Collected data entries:

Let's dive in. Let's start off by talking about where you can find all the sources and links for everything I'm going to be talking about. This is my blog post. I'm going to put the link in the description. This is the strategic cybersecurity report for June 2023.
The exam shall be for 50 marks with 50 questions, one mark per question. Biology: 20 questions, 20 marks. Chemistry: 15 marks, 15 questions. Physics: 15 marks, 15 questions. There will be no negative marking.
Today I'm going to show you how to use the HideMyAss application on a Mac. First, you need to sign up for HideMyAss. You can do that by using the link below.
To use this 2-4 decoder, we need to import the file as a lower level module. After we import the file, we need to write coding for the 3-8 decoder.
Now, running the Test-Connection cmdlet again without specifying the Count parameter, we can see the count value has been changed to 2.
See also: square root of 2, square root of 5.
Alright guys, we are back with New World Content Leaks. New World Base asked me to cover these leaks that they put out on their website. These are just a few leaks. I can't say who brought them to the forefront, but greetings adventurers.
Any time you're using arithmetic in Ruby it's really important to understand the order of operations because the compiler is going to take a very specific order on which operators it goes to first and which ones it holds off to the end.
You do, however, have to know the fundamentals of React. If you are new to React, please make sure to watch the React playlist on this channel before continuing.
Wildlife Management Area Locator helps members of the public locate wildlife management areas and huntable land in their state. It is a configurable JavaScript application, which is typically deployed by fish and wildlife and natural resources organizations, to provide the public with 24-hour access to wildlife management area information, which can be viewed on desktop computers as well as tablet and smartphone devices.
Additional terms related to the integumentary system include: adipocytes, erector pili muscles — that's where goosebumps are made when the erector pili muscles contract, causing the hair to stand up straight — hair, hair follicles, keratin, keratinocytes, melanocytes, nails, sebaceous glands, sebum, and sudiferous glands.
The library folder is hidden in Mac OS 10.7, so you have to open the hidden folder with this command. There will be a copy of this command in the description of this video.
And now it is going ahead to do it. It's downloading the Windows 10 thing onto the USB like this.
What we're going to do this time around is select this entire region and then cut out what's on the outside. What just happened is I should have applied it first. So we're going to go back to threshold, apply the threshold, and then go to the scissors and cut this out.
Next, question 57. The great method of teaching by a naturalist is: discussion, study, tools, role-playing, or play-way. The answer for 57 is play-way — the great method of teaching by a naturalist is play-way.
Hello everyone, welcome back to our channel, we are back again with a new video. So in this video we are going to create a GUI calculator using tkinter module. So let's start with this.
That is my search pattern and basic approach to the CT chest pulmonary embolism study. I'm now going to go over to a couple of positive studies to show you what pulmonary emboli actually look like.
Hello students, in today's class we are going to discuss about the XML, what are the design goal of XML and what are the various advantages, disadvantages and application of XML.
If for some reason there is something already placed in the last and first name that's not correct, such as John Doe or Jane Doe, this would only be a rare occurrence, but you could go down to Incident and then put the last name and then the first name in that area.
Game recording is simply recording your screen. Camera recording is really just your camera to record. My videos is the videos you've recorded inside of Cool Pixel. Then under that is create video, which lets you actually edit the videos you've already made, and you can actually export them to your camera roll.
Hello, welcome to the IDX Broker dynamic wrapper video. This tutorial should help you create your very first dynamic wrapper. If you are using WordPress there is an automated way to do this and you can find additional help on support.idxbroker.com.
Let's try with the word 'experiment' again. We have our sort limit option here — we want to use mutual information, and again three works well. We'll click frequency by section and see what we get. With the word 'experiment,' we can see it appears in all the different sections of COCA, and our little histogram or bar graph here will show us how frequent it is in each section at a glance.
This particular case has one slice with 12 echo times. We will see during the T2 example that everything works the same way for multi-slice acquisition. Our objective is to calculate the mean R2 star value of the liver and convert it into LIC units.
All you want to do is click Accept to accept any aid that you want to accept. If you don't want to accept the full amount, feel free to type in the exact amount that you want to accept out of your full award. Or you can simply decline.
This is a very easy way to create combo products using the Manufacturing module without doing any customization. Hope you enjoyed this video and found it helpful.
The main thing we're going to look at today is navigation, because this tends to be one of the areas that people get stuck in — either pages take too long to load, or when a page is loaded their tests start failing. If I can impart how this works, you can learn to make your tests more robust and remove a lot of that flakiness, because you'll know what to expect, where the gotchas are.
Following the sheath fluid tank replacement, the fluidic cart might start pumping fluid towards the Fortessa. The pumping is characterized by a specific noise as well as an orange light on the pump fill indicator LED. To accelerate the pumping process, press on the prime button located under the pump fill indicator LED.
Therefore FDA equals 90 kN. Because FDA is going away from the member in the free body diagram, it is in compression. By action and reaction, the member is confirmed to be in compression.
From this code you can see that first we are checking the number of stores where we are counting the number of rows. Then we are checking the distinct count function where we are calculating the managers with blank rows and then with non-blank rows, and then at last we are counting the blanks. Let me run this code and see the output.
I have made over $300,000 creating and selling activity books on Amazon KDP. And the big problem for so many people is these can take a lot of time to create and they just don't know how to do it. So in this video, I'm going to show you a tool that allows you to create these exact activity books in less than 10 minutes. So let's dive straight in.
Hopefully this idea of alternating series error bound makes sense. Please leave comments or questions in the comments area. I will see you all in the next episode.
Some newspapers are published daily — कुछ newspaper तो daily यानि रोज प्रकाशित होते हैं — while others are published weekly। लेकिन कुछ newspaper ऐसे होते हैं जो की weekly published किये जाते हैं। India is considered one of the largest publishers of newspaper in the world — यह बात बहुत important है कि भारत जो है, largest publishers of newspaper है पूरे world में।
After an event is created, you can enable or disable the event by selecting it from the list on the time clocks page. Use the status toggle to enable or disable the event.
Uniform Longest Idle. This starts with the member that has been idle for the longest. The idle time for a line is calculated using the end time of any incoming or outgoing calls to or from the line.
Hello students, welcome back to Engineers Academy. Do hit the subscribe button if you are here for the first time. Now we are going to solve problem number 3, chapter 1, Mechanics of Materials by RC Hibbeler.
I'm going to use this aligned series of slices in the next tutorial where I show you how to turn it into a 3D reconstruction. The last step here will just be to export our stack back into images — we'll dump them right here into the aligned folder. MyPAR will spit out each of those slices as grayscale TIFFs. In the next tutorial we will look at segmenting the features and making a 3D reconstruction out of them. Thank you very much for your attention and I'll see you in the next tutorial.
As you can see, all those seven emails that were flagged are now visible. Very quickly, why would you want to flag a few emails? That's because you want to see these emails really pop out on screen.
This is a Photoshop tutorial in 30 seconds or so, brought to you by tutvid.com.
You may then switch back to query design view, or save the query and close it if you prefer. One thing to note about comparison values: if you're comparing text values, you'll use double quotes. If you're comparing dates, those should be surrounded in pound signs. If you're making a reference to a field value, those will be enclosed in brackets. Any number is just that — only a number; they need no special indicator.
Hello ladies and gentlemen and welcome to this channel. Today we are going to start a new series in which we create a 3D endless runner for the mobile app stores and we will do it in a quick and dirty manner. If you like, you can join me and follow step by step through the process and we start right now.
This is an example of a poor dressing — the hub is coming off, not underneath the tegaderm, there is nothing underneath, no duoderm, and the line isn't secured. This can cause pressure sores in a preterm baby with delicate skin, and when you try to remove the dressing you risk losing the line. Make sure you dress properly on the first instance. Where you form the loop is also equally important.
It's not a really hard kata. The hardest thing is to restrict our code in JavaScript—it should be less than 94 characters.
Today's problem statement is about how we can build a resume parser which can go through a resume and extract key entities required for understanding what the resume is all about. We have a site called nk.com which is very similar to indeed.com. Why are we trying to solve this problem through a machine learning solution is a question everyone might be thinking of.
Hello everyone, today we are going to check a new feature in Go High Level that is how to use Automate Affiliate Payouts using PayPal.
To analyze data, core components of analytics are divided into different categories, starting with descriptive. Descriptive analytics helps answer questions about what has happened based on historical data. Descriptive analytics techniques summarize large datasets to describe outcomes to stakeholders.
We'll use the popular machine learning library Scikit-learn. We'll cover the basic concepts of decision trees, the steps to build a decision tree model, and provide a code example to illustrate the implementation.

Work instruction: Above are the records. Print exactly, and only, the lines from the line with "Uniform Longest Idle." to the line with "This is an example", both inclusive.

Answer for the task:
Uniform Longest Idle. This starts with the member that has been idle for the longest. The idle time for a line is calculated using the end time of any incoming or outgoing calls to or from the line.
Hello students, welcome back to Engineers Academy. Do hit the subscribe button if you are here for the first time. Now we are going to solve problem number 3, chapter 1, Mechanics of Materials by RC Hibbeler.
I'm going to use this aligned series of slices in the next tutorial where I show you how to turn it into a 3D reconstruction. The last step here will just be to export our stack back into images — we'll dump them right here into the aligned folder. MyPAR will spit out each of those slices as grayscale TIFFs. In the next tutorial we will look at segmenting the features and making a 3D reconstruction out of them. Thank you very much for your attention and I'll see you in the next tutorial.
As you can see, all those seven emails that were flagged are now visible. Very quickly, why would you want to flag a few emails? That's because you want to see these emails really pop out on screen.
This is a Photoshop tutorial in 30 seconds or so, brought to you by tutvid.com.
You may then switch back to query design view, or save the query and close it if you prefer. One thing to note about comparison values: if you're comparing text values, you'll use double quotes. If you're comparing dates, those should be surrounded in pound signs. If you're making a reference to a field value, those will be enclosed in brackets. Any number is just that — only a number; they need no special indicator.
Hello ladies and gentlemen and welcome to this channel. Today we are going to start a new series in which we create a 3D endless runner for the mobile app stores and we will do it in a quick and dirty manner. If you like, you can join me and follow step by step through the process and we start right now.
This is an example of a poor dressing — the hub is coming off, not underneath the tegaderm, there is nothing underneath, no duoderm, and the line isn't secured. This can cause pressure sores in a preterm baby with delicate skin, and when you try to remove the dressing you risk losing the line. Make sure you dress properly on the first instance. Where you form the loop is also equally important.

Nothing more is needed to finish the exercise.